It’s hard to make the claim that Stars
has rediscovered their mojo after a couple of albums that were fairly divisive (2007‘s In Our Bedroom After The Way
and 2010’s The Five Ghosts
), because quite frankly they never really lost it. For fans frustrated with the last few years, there were always glimpses and echoes of the band they fell in love with with Heart
and Set Yourself On Fire
-- songs like “Fixed” complemented the resplendency of “Ageless Beauty,” “Dead Hearts” matching their flair for story-telling and “Take Me To The Riot” making the most compelling case for catharsis seen yet on a Stars album.
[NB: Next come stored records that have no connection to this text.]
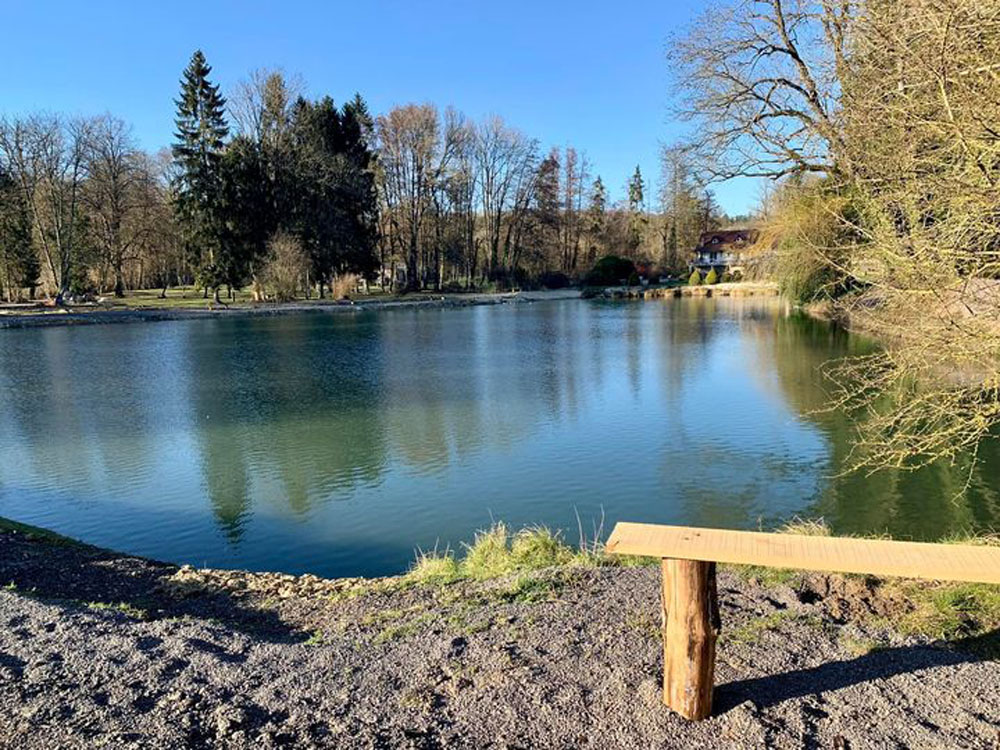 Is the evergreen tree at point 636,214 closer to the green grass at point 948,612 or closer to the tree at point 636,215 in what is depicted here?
the tree at point 636,215

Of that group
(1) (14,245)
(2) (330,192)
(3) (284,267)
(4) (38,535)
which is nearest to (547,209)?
(2) (330,192)

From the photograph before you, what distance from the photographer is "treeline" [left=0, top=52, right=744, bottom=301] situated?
40.3m

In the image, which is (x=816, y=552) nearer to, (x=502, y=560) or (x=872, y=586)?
(x=872, y=586)

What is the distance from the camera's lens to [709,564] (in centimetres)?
296

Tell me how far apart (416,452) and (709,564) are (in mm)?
8940

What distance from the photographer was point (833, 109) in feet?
27.3

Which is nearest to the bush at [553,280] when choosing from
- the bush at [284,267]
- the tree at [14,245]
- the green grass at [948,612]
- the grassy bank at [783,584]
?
the bush at [284,267]

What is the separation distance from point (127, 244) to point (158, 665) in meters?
48.8

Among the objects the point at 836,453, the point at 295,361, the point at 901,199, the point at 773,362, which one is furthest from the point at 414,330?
the point at 901,199

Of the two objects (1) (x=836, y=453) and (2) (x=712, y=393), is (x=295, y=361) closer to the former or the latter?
(2) (x=712, y=393)

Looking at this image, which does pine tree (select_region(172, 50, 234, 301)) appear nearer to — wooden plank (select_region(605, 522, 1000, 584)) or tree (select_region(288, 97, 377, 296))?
tree (select_region(288, 97, 377, 296))

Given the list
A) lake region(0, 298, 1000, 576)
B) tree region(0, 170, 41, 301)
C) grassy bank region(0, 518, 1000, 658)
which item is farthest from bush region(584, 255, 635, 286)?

But, with The North
, the Canadian band has come back into its own, with a return to form... even if they never veered that far away.
Opening with the fuzzy synths of “The Theory of Relativity,” Stars delivers one of their most upbeat and dance-centric track, with Torquil Campbell tackling vocals on the verses. It seems to be going in one direction until it hits the chorus, when Amy Millan enters and the keyboards shimmer, percussion thrust forward and the song just plain shimmers. Millan sings “What would you say? If I fell apart, would you bring me back?,” voicing one of the lyrical motifs that connects Stars’ catalogue-- the fear and anxiety of unrequited love. That’s one of the great things about this band, because they’re able to express deep emotions on top of a musical background that gets the body moving.
“Backlines” follows, and it’s one of the most conventional songs on the record, which does not belie the strength of the piece, however. Here, Millan takes main vocal duty, and it’s a downright gorgeous two-minute vignette, complete with mini-orchestral breakdown near the end. Next is the title track, which offers the first mid-tempo moment on the album, but there’s a rhythmic through-line that propels it.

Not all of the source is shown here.